A proposta está prevista na Medida Provisória 1.303, que precisa ser votada e aprovada até 8 de outubro. Caso seja validada, a nova regra passará a valer a partir de 2026. Segundo o texto apresentado a alguns meses, a medida busca unificar a taxa de 17% do Imposto de Renda Retido na Fonte (IRRF) sobre rendimentos financeiros.
Com isso, a tabela regressiva de IR para aplicações de renda fixa será substituida e papéis, atualmente isentos, como a Letra de Crédito Agrícola (LCA) e a Letra de Crédito Imobiliário (LCI) passariam a ser tributados.

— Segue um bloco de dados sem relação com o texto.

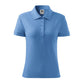 Malfini Cotton polo shirt W MLI-21315 sky blue Clothing/Lifestyle/T-shirts/Malfini Malfini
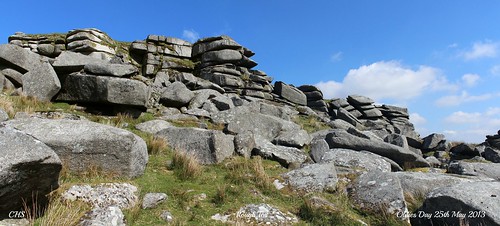 Rough Tor by Stocker Images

O governo projeta arrecadar R$ 10,5 bilhões em 2025 e R$ 20,6 bilhões em 2026, visando compensar a revogação do decreto que previa o aumento do Imposto sobre Operações Financeiras (IOF).
Audiência no Senado
A audiência conta com representantes do setor produtivo e do mercado financeiro, incluindo o analista Octaciano Neto, com histórico na área de agronegócio da Suno Asset, que tentam convencer os parlamentares da ineficácia das medidas, visando a modificação do texto para manter as atuais isenções.
Para Neto, hoje em operação na Zera.Ag, o texto atual da MP aumentará os custos para o produtor, com impacto direto nos preços e no mercado de capitais, principal ferramenta para o financiamento, especialmente por meio de CRAs, que com a medida passará a oferecer spreads maiores para manter a atratividade.
Tributação de dividendos
Além dos impostos para os FIIs e Fiagros, o mercado também se preocupa com as debêntures incentivadas, títulos utilizados para o financiamento de obras de infraestrutura, cujo o nome já indica a isenção fiscal.
Segundo os especialistas, um cenário de tributação pode dificultar o financiamento de projetos essenciais para o desenvolvimento do país. A Anbima observa que, desde o anúncio da proposta, houve aceleração na emissão de títulos incentivados, numa tentativa de antecipar captações antes da possível mudança.
“O país tem um déficit de infraestrutura imenso, contas públicas pressionadas e recursos escassos. O mercado de capitais está atuante e acreditamos que não deveria haver a tributação porque de alguma forma a gente está suprindo essa necessidade”, diz a gestora de crédito privado da Inter Asset, Marianne Moraes.